Striped Dress_Friendship Lesson Photo

PRIORITIZE THOSE THAT PRIORITIZE YOU

Between careers, spouses, children and other extracurricular activities, life is busy.   There are many things competing for our time, and it is not enough to just say our relationships are important.  It takes more than good intentions for a friendship to develop and it all comes down to priorities.  

I have had friends and family members who have claimed to miss me yet are always too busy to spend time with me.  Always saying something like let’s get together soon but never actually following up.  Granted, I know there will be times when life happens, and I won’t be my friend or even my family’s priority.  But you know what? That is completely okay.  While not all of us can drop everything to reply immediately to a text or attend every scheduled get together, someone who cares will want to see you and put equal effort in the relationship.

One of my good friends and I rarely get to see each other.  We are hundreds of miles apart and we go months without being able to connect face-to-face but despite the distance, we remain close.  We are both committed to the friendship and we both put in the energy and time to keep the relationship alive.  Even though, the bulk of conversations occur via text or email, I feel more connected to her than some of my friends who live a lot closer.  

The truth is, everyone is busy, and we all have limited amount of time to invest in relationships.  You can’t give your time or energy to everybody you meet but when you do find that person that is willing to show up for you, make sure that you also invest in them.
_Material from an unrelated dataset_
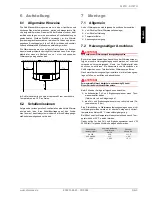 Preview for 7 page of Dimplex SI 11TU Installation And Operating Instructions Manual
Striped Dress_Friendship Photo

FINAL THOUGHTS:

There are plenty of obstacles that make it difficult to maintain a friendship and a circumstance like distance doesn’t have to signal the end.  However, it’s important to remember that a friendship is a two-way street and it requires a certain degree of work.  It takes up your time, and even resources but it should never feel like an obligation.  So, if certain relationships in your life are contributing to your unhappiness, it may be worth taking the time to reevaluate and reflect on what the person is providing in your life. 

Ultimately, moving away taught me something so important, I discovered the true value of friendship.  

Have you ever needed to let go of a friendship that wasn’t right for you anymore? Have you even been the one let go?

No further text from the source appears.